L’azione dei Templari non si limita alla Capitale; essa costruisce una rete spirituale che attraversa l’Italia e penetra nel mondo, valorizzando edifici di culto che altrimenti rischierebbero l’abbandono o la chiusura. La custodia della cappella di Termini rappresenta perfettamente questa missione: restituire spazi di spiritualità alla comunità in ogni contesto, anche quello ferroviario.

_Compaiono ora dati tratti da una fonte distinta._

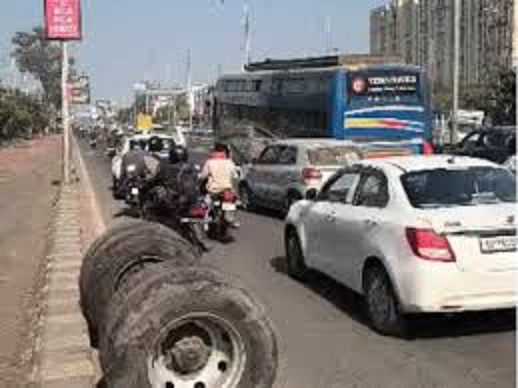   Bhopal,   wheels of a bus ,suddenly came off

Una testimonianza contemporanea
L’incontro odierno ha ribadito che l’identità dei Templari oggi non è legata a rivendicazioni storiche, ma a una responsabilità concreta verso il presente. Attraverso la collaborazione con le forze dell’ordine, i dipendenti di Ferrovie dello Stato e . come nel caso di Termini – al fianco di altre associazioni come Caritas e Sant’Egidio, i Templari contribuiscono a trasformare un luogo di transito in un punto di riferimento umano e religioso.

Questo modello di servizio, fondato sulla disciplina e sulla fede, continua a offrire ai pellegrini di tutto il mondo la certezza di trovare, tra i binari e la folla, un varco aperto verso la riflessione e l’incontro con il sacro.